**WHAT TO PRODUCE:**
Write out the line that contains "La motociclista debió" and every line after it through the end of the entries, exactly as given and with no other lines.

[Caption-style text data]
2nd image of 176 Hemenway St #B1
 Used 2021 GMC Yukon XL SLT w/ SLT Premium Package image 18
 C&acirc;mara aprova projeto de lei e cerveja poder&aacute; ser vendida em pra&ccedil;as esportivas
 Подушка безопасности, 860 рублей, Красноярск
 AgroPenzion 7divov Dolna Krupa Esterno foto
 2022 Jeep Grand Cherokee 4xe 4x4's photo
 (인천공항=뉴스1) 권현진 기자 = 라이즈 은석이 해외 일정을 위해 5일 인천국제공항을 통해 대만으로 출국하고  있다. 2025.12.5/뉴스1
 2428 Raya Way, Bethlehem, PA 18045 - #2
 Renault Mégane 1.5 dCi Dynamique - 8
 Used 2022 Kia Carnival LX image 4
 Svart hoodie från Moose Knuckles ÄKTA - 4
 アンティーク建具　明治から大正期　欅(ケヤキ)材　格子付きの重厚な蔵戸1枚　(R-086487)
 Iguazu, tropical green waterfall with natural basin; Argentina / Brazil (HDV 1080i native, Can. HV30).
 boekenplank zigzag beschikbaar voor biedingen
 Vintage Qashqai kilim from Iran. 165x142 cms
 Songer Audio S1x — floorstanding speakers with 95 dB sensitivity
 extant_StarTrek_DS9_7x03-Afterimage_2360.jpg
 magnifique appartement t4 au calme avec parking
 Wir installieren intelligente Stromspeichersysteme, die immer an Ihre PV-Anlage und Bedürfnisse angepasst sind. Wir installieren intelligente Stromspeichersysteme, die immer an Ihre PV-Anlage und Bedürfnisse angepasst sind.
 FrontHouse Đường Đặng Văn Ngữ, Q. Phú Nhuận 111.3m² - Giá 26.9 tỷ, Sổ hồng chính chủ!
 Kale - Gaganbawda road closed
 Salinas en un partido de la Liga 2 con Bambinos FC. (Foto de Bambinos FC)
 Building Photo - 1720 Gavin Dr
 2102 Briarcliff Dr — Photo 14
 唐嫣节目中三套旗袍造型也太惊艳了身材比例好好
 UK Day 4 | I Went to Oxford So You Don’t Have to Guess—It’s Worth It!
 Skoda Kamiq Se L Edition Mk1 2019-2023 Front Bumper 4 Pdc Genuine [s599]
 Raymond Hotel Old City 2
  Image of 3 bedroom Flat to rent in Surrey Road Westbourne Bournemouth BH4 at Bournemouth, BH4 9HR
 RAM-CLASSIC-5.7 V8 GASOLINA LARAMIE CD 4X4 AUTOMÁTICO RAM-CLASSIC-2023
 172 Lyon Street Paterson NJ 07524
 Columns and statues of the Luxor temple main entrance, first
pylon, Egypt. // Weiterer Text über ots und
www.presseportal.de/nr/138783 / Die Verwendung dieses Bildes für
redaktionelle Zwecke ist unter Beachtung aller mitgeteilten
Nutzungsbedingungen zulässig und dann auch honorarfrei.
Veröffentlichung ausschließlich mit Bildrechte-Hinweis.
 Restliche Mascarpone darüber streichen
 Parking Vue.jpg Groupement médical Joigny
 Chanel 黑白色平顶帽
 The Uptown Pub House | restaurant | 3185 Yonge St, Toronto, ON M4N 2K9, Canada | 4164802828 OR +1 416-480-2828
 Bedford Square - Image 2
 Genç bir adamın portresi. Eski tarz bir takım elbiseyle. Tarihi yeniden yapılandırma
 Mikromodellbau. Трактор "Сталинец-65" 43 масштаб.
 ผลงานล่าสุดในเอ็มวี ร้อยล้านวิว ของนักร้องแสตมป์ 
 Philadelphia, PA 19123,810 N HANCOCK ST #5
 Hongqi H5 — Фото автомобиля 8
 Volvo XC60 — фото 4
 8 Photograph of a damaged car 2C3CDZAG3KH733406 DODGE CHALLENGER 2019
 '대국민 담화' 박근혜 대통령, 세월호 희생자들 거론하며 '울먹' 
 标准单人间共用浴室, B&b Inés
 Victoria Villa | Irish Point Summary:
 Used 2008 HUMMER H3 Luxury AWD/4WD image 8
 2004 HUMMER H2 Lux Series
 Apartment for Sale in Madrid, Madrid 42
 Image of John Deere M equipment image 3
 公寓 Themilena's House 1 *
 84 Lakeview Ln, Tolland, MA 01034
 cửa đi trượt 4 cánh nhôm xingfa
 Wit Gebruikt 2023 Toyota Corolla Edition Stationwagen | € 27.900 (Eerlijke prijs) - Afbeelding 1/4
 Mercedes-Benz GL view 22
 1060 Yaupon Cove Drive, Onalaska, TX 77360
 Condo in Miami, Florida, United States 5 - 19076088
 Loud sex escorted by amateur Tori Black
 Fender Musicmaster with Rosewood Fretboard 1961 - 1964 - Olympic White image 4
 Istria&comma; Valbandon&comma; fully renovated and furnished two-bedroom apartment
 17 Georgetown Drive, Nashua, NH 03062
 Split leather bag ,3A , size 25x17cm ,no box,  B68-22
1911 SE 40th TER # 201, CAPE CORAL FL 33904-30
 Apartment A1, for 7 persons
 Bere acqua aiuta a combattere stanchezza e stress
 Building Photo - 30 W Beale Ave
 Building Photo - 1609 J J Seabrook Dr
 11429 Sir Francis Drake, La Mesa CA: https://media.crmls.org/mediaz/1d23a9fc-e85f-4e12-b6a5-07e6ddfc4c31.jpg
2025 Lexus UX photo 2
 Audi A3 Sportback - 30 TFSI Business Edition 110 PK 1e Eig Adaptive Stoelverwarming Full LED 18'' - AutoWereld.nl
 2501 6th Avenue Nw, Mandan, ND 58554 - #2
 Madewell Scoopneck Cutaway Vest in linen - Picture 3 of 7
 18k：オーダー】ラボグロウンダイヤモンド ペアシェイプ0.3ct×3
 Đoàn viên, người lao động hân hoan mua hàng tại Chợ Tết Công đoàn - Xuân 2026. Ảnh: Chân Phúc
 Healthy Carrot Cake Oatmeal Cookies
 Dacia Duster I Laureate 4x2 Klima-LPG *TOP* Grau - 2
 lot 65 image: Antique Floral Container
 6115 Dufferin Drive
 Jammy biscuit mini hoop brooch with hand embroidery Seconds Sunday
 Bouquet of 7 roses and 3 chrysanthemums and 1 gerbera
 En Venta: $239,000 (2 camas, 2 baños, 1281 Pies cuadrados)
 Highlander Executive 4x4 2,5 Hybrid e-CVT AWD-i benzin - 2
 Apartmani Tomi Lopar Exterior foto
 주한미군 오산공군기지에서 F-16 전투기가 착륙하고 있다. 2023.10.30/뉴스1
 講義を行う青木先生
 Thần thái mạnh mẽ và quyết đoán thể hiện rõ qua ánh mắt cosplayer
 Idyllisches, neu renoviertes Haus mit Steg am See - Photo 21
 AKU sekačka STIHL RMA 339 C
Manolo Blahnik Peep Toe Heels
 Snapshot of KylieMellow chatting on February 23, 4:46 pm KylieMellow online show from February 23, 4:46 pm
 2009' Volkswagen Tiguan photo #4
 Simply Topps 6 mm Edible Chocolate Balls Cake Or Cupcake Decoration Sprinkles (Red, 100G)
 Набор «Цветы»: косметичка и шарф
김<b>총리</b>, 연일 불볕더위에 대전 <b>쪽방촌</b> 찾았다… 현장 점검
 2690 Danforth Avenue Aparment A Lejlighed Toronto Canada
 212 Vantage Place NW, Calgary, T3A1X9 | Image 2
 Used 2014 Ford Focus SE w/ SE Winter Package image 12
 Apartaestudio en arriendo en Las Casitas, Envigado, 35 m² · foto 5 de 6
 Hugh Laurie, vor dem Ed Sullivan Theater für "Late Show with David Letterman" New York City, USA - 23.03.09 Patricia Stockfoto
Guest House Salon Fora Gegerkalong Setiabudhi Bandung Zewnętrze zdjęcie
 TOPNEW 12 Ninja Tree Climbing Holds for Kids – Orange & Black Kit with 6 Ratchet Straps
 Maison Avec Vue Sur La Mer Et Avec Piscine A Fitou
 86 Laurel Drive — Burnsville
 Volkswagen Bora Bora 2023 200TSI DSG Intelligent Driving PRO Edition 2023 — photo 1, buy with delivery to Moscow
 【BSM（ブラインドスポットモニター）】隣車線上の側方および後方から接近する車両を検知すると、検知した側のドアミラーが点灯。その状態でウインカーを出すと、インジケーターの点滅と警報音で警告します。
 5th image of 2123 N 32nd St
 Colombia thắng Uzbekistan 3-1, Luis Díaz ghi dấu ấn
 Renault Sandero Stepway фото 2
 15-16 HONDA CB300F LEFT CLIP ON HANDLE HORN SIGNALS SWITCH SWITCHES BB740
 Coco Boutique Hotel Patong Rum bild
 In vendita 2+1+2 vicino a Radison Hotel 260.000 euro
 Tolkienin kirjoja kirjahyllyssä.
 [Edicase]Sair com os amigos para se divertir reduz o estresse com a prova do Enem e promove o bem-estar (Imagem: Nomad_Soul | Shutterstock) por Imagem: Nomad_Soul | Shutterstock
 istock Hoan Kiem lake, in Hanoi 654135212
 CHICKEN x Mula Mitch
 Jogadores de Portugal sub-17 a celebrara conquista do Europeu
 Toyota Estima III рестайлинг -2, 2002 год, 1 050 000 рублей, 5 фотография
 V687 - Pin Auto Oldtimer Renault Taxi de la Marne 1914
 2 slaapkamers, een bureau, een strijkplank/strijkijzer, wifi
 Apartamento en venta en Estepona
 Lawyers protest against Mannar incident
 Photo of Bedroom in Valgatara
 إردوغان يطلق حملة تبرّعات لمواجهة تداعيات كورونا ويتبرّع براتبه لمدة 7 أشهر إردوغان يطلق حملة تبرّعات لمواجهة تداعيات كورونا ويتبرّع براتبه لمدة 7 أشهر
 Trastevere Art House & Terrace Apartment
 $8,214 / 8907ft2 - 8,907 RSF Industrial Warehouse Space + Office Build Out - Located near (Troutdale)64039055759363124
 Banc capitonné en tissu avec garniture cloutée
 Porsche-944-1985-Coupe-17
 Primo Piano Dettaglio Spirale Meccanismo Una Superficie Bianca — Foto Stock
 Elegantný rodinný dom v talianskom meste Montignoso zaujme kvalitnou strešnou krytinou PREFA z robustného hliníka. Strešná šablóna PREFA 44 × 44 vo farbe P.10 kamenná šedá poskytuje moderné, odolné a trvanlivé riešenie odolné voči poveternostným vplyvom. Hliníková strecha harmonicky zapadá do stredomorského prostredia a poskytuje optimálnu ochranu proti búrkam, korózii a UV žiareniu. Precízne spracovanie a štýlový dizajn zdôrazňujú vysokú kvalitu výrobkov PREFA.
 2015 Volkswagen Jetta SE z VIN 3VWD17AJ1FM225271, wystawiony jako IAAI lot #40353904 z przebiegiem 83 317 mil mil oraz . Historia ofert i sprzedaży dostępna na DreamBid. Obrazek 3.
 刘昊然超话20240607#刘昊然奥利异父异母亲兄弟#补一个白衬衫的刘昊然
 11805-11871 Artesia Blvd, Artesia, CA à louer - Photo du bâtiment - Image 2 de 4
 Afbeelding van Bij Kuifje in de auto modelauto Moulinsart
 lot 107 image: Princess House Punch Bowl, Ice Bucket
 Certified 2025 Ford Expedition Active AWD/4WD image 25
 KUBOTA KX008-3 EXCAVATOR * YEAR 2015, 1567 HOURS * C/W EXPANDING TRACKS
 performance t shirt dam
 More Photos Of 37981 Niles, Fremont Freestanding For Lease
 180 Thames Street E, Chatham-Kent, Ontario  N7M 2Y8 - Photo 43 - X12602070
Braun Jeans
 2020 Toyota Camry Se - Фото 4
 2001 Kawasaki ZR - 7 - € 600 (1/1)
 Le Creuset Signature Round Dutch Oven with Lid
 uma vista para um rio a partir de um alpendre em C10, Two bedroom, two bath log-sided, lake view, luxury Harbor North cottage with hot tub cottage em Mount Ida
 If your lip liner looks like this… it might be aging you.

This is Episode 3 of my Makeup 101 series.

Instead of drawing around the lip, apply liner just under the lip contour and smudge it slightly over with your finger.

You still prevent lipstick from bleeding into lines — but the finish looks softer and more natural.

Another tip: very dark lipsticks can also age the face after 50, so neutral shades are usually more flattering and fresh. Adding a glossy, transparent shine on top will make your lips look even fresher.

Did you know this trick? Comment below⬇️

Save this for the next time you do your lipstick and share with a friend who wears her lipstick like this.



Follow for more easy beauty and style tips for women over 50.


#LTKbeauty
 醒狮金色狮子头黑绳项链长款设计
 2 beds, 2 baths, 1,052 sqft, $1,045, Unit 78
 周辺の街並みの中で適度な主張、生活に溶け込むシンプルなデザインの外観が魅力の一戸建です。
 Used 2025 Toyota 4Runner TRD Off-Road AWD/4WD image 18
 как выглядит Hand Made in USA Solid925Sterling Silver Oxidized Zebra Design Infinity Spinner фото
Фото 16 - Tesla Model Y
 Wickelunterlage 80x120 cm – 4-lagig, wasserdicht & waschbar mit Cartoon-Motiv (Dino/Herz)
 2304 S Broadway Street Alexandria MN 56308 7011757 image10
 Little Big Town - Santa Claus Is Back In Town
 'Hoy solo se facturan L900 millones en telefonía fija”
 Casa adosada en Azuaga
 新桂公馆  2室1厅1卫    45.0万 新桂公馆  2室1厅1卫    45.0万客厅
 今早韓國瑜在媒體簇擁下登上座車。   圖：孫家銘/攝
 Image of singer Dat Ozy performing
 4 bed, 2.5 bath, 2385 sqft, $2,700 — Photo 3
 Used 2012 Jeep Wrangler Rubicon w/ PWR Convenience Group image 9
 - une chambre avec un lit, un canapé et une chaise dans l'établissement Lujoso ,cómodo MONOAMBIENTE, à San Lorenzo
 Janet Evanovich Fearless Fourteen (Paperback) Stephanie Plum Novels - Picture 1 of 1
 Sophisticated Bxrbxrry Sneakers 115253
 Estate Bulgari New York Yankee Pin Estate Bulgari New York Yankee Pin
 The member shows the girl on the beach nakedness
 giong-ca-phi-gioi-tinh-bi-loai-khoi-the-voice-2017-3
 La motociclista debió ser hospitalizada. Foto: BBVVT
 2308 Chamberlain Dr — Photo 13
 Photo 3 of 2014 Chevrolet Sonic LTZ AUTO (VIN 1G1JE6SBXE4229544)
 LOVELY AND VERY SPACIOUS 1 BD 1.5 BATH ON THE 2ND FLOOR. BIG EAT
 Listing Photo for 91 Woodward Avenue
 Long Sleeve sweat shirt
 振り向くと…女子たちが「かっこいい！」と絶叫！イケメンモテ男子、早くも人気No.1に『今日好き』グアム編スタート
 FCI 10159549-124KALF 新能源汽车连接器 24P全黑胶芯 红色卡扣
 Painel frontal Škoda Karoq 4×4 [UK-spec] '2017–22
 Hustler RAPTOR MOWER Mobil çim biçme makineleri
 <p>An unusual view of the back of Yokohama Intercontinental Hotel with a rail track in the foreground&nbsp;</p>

**RESPONSE BELOW:**
 La motociclista debió ser hospitalizada. Foto: BBVVT
 2308 Chamberlain Dr — Photo 13
 Photo 3 of 2014 Chevrolet Sonic LTZ AUTO (VIN 1G1JE6SBXE4229544)
 LOVELY AND VERY SPACIOUS 1 BD 1.5 BATH ON THE 2ND FLOOR. BIG EAT
 Listing Photo for 91 Woodward Avenue
 Long Sleeve sweat shirt
 振り向くと…女子たちが「かっこいい！」と絶叫！イケメンモテ男子、早くも人気No.1に『今日好き』グアム編スタート
 FCI 10159549-124KALF 新能源汽车连接器 24P全黑胶芯 红色卡扣
 Painel frontal Škoda Karoq 4×4 [UK-spec] '2017–22
 Hustler RAPTOR MOWER Mobil çim biçme makineleri
 <p>An unusual view of the back of Yokohama Intercontinental Hotel with a rail track in the foreground&nbsp;</p>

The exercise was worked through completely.